Information provided ->
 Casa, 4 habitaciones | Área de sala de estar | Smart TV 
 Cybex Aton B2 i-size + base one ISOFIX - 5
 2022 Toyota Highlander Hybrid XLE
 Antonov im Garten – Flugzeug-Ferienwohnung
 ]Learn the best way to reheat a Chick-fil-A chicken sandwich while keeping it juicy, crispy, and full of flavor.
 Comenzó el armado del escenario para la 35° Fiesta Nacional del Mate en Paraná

==

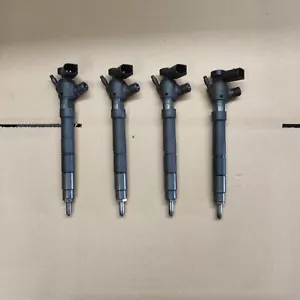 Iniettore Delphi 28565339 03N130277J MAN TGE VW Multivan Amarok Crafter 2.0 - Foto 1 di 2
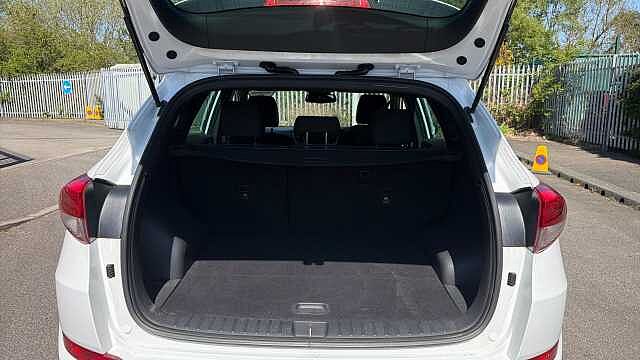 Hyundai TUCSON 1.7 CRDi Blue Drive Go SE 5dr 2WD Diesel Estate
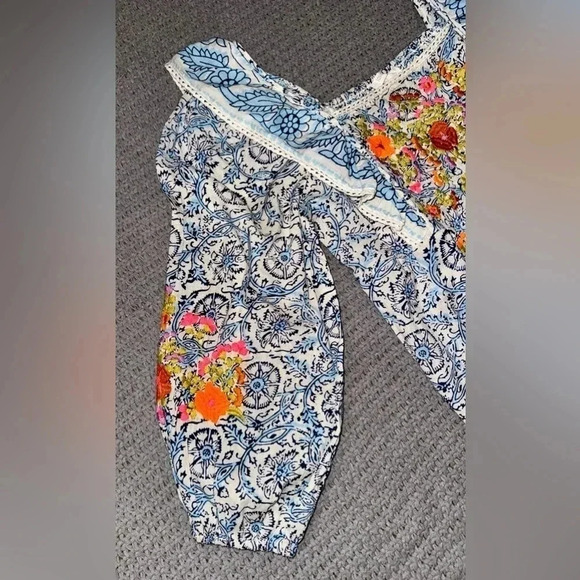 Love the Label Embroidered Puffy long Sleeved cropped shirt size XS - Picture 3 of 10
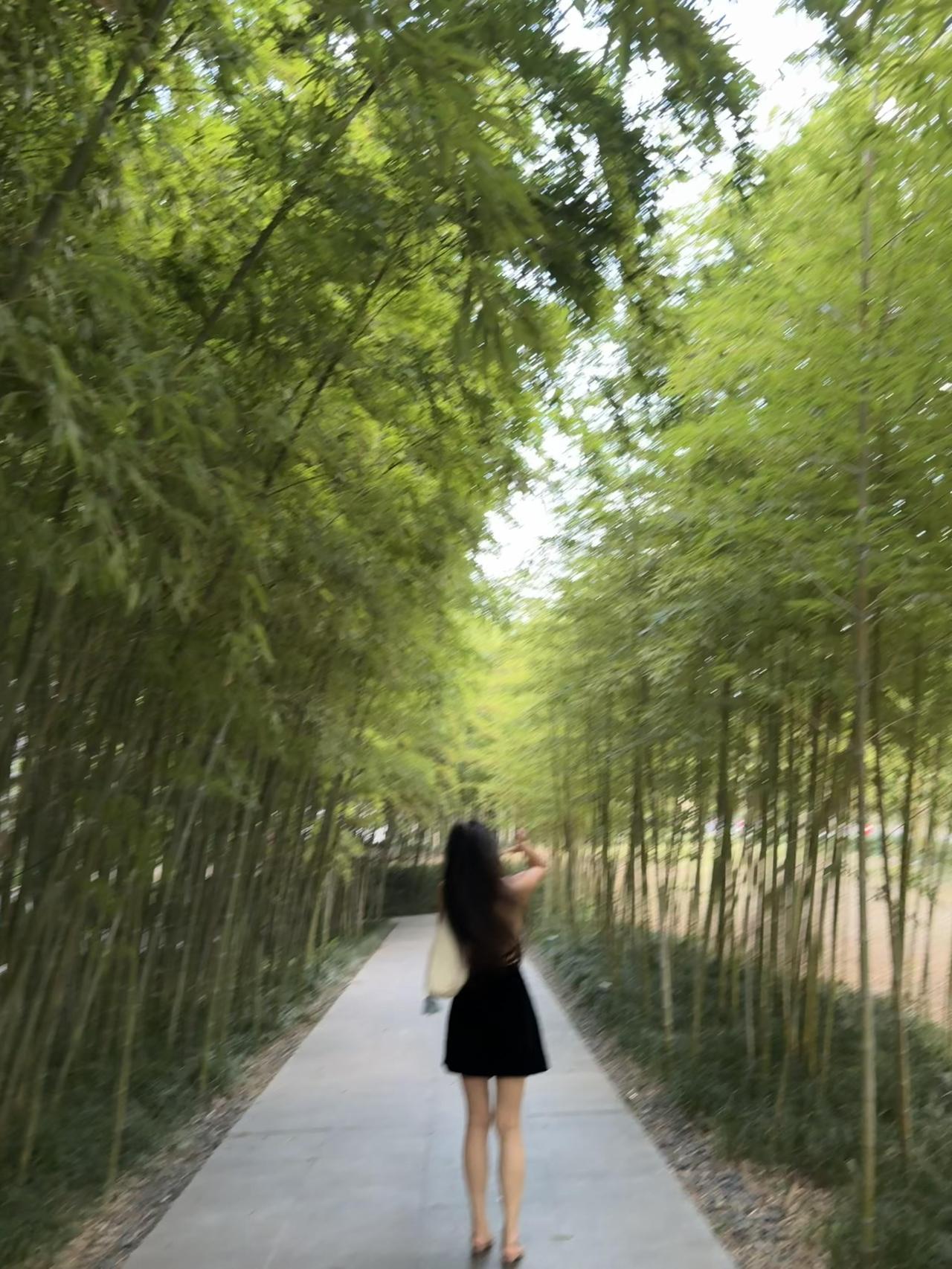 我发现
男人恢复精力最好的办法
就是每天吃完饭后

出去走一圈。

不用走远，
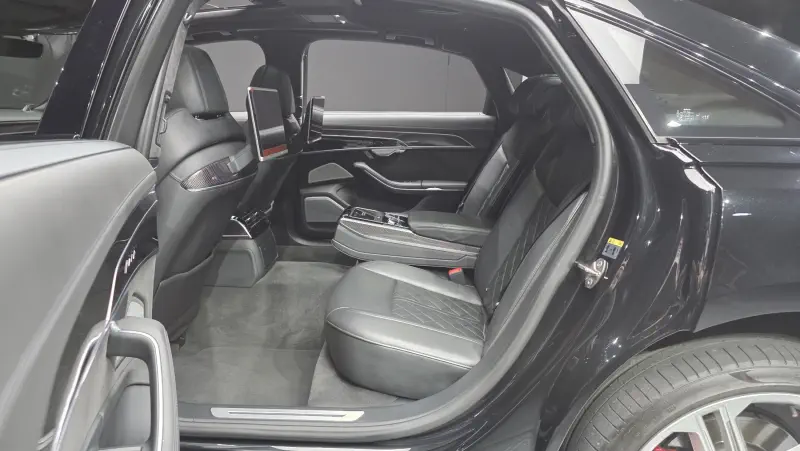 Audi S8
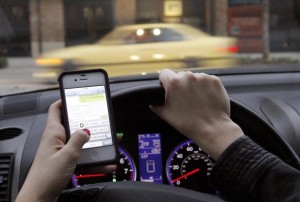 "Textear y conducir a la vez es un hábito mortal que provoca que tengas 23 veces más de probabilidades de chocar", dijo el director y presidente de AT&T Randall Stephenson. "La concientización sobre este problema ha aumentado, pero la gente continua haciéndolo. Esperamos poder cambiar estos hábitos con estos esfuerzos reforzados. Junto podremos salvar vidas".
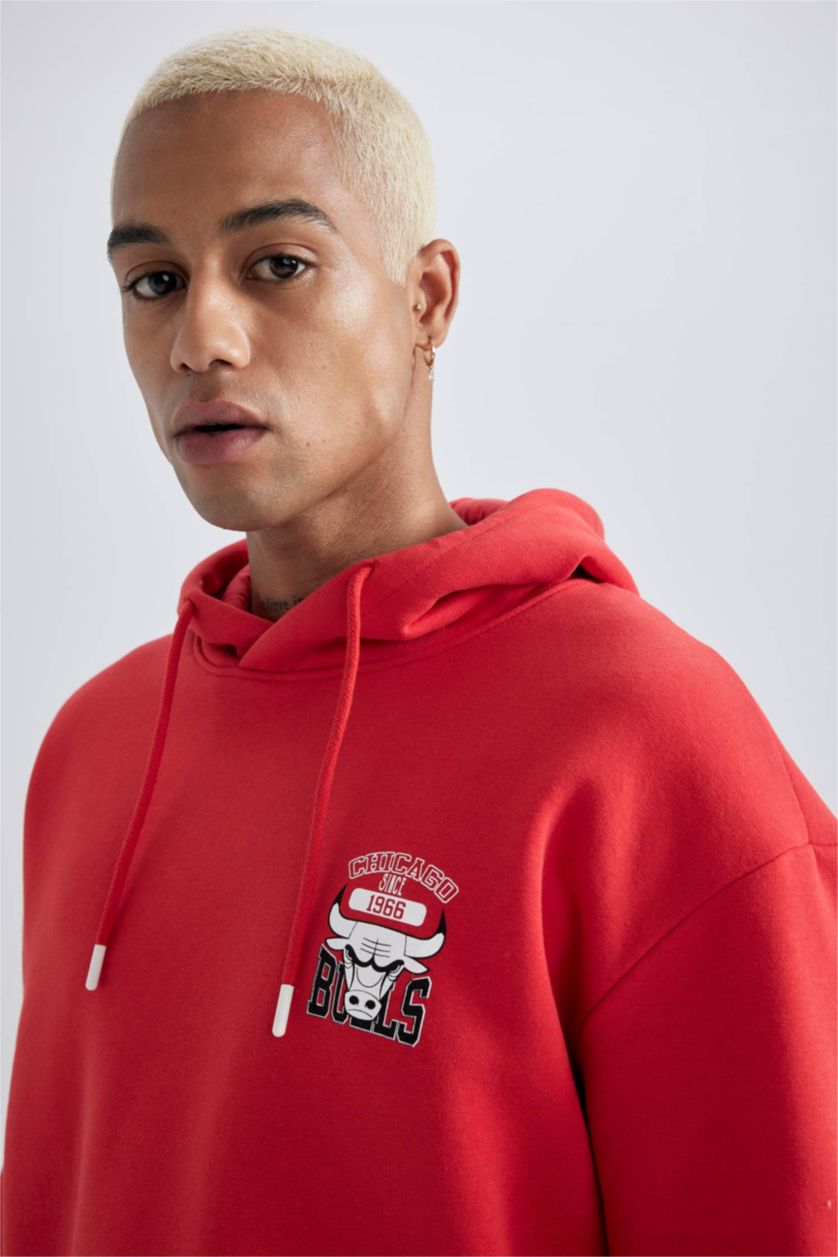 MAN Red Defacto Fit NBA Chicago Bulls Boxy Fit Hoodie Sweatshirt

Task ->
Looking at the data above, write out exactly the lines that start at the one containing "Cybex Aton B2 i-size + base one ISOFIX - 5" and end at the one containing "Comenzó el armado"; include both and nothing beyond.

Response area ->
 Cybex Aton B2 i-size + base one ISOFIX - 5
 2022 Toyota Highlander Hybrid XLE
 Antonov im Garten – Flugzeug-Ferienwohnung
 ]Learn the best way to reheat a Chick-fil-A chicken sandwich while keeping it juicy, crispy, and full of flavor.
 Comenzó el armado del escenario para la 35° Fiesta Nacional del Mate en Paraná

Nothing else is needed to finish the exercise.